I Went to a Theme Park During the Pandemic

That Atlanta connection is just a footnote, perhaps a coincidence, and something that doesn’t materially impact the plot or the characters or the atmosphere of this fictional theme park. Crow Country could take place anywhere; perhaps the game’s British developers picked the American South because of its sordid mystique, that disquieting Southern Gothic aura that has intoxicated so many carpetbaggers and opportunists. If that’s the case, nothing in it can match Atlanta’s real theme park on that front. Crow Country has nothing on the Six Flags ride Monster Mansion.

Six Flags over Georgia’s best and most beloved ride is also one of the creepiest in theme parks, not because of anything that happens during it, but because of the nature of its creation. Monster Mansion, a slow boat ride that’s like a cross between Disney’s It’s a Small World and an even more playful Haunted Mansion, is steeped in wistful nostalgia for a cartoonish South; its deeply accented cartoon monsters pay homage to Gone with the Wild, Walt Kelly’s Georgia-set comic strip Pogo, Hee-Haw, and a variety of other once-believed-to-be-benign Southern stereotypes popular in the ‘60s and ‘70s. Constant exhortations from the friendly monsters in Monster Mansion to “stay out of the marsh,” where frightening and deadly monsters dwell, could be seen as a reflection of the kind of fear mongering that drove white flight in the ‘70s, and which reinforced a system of unofficial residential segregation that persists heavily to this day. That might be reading too much into this genuinely great, fun, cute, light-hearted ride for kids, but Monster Mansion (which was known as Monster Plantation for its first two decades) has some deeply unsavory connections in its past.

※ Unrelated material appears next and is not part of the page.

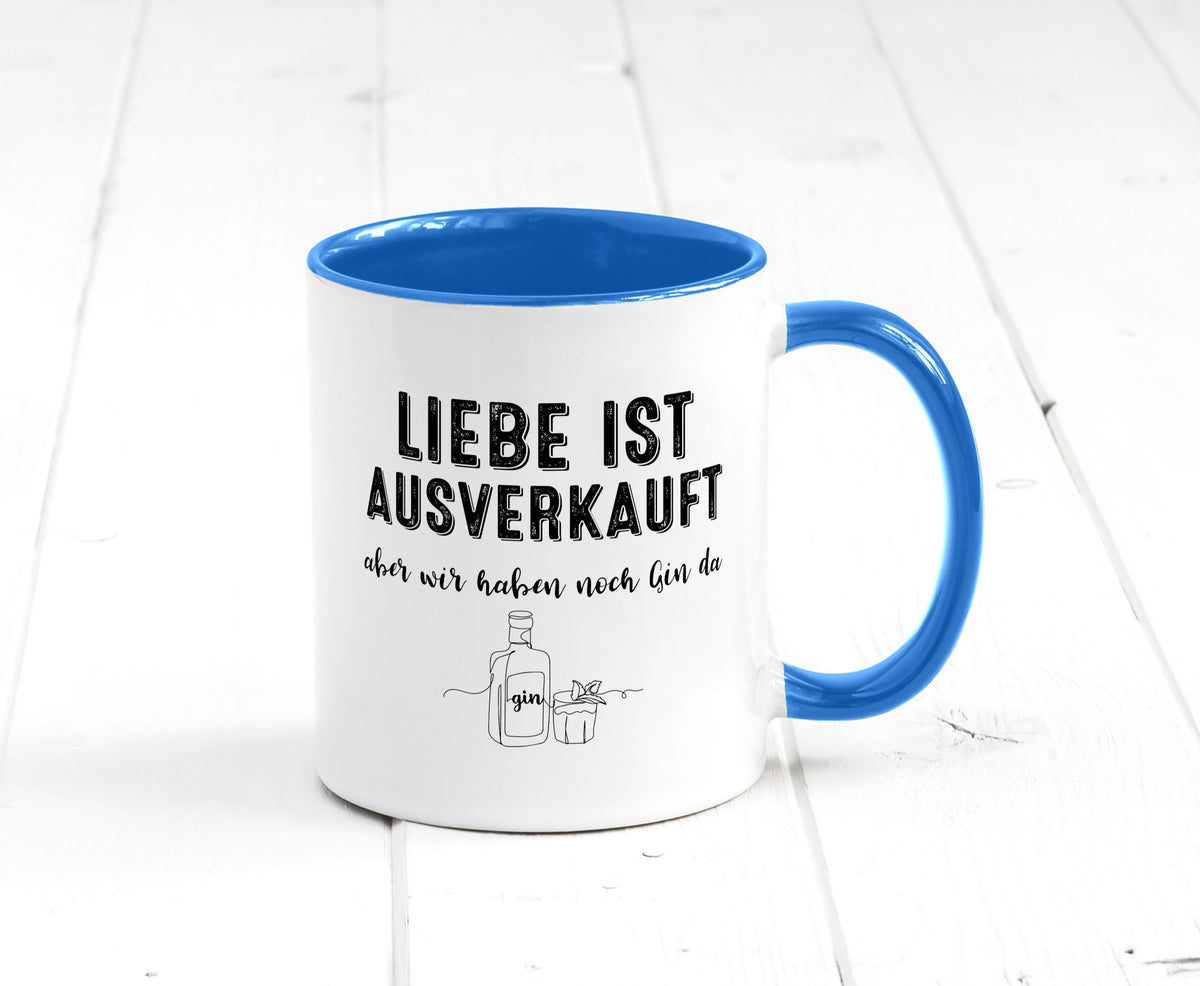 Liebe ist Ausverkauf, aber wir haben noch Gin da Humor Geschenkidee Tasse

One of the ride’s primary designers was Gary Goddard, whose long, weird career includes producing Broadway plays, directing the ‘80s He-Man movie, creating cartoons like Captain Power and Skeleton Warriors, and designing and consulting on themed attractions. He’s best known today for multiple accusations of sexual assault alongside his frequent collaborator, the X-Men director Bryan Singer. In 2017, Anthony Edwards (of Top Gun and ER fame) accused Goddard of molesting him as a child and raping a childhood friend. Goddard worked on the original Monster Plantation alongside former Disney Imagineer Al Bertino (the inspiration for Big Al of the Country Bear Jamboree), and later oversaw the ride’s 21st century update into Monster Mansion. 

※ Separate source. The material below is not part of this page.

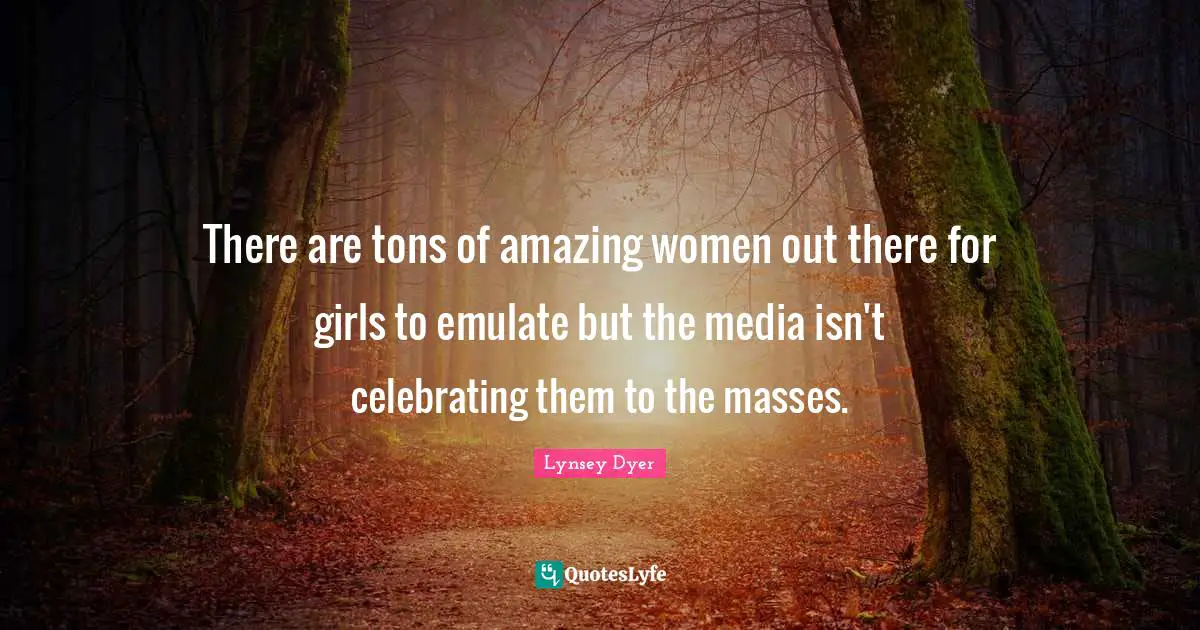 Be Amazing Quotes: "There are tons of amazing women out there for girls to emulate but the media isn't celebrating them to the masses."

There’s nothing sordid about Monster Mansion itself. There are no coded references to Goddard’s alleged crimes or predatory behavior. If you didn’t know about Goddard, his history, or his relationship to Monster Mansion, you’d never be able to tell. But when you do know, it’s hard to not think about it whenever you’re riding it. It’s a weird, creepy bit of trivia more than anything else, but much like the unexpected death of a young roller coaster fan in the ‘80s, it echoed through my mind while playing Crow Country. Derelict fairs, carnivals, and amusement parks have played a role in horror fiction for decades (how many Scooby Doo episodes took place at one?), but the fake park in Crow Country can’t match Atlanta’s real theme park for actual horror.